The objective of this research is to develop dynamic models to forecast bus arrivals at a sequence of stations in real time. The main problem is that the information on the position of buses, based on GPS, is updated at very short time intervals and a forecast of every bus to every station must be produced continuously, which requires handling a massive amount of data that has to be analyzed quickly to produce timely forecasts. These forecasts are posted in mobile media for the public. Since there are natural delays in the collection of the position of the buses and in the posting of information, the analysis has to be extremely quick to provide useful forecasts. We present how we overcame the difficulties inherent to real time data collection and analysis by using a technique based on analog positions, where analog refers to a similar position at a similar hour in a similar day. By using this technique, we reduced the amount of calculations in real time to a minimum, although we required some time to develop a trustworthy dataset where the analogs are sought.

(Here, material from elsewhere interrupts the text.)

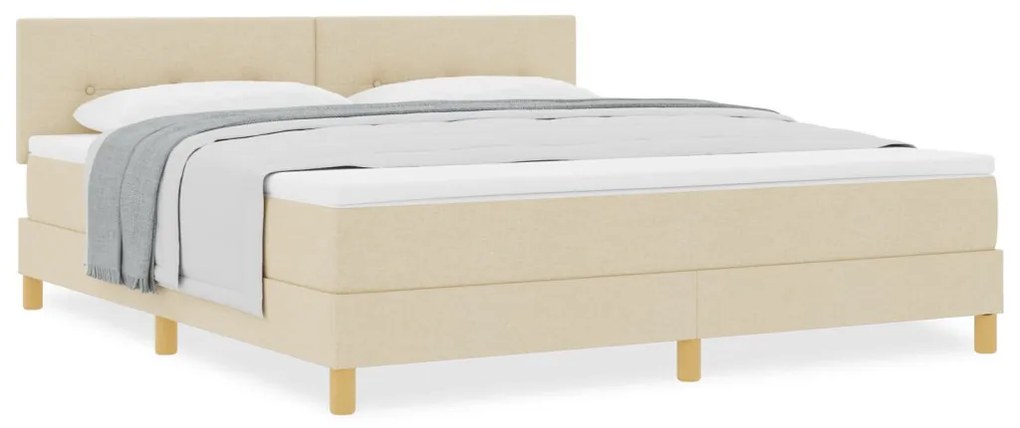 Box Spring Ágy Matraccal Krém 180x200 cm Szövet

We illustrate the technique using real-world bus data in Colima City, México.
Keywords: Bus arrival prediction; Analogs; Non-parametric
Biography: Professor at University of Colima, Mexico, Carlos Hernandez got his PhD at Cornell University in 1997. Member of the National System of Researchers in Mexico and CEO of Montecristo Data Mining, which among other things has developed an implemented a system to forecast arrivals to stations which is delivered to mobile media to some cities in Mexico.